作为一名公司的市场经理，您希望对购买价格不少于 100 美元的商品的顾客的购买习惯进行表征；根据顾客的年龄、购买商品的类型以及购买商品的地点。您希望知道具有该特征的顾客的百分比。特别是，您只对在加拿大进行的，并使用美国运通信用卡支付的购买感兴趣。您希望以表格的形式查看结果说明。

As a market manager of a company, you would like to characterize the buying habits of customers who can purchase items priced at no less than $100; with respect to the customer’s age, type of item purchased, and the place where the item was purchased. You would like to know the percentage of customers having that characteristic. In particular, you are only interested in purchases made in Canada, and paid with an American Express credit card. You would like to view the resulting descriptions in the form of a table.
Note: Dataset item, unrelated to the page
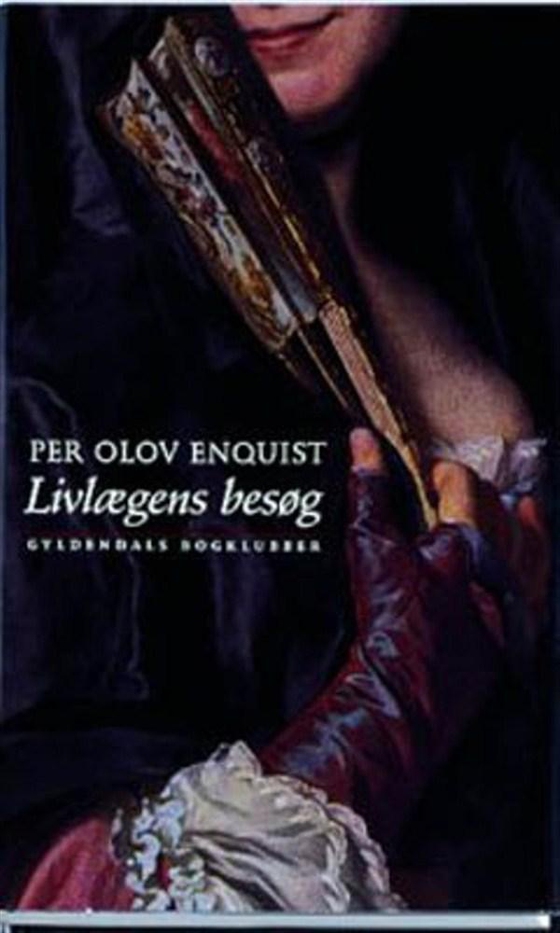Livlægens besøg (lydbog) af P.O. Enquist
use database AllElectronics_db
use hierarchy location_hierarchy for B.address
mine characteristics as customerPurchasing
analyze count%
in relevance to C.age,I.type,I.place_made
from customer C, item I, purchase P, items_sold S,  branch B
where I.item_ID = S.item_ID and P.cust_ID = C.cust_ID and
P.method_paid = "AmEx" and B.address = "Canada" and I.price ≥ 100
with noise threshold = 5%
display as table

Data Mining Languages Standardization

标准化数据挖掘语言将服务以下目的 −

Standardizing the Data Mining Languages will serve the following purposes −

Helps systematic development of data mining solutions.
Improves interoperability among multiple data mining systems and functions.
Promotes education and rapid learning.
Promotes the use of data mining systems in industry and society.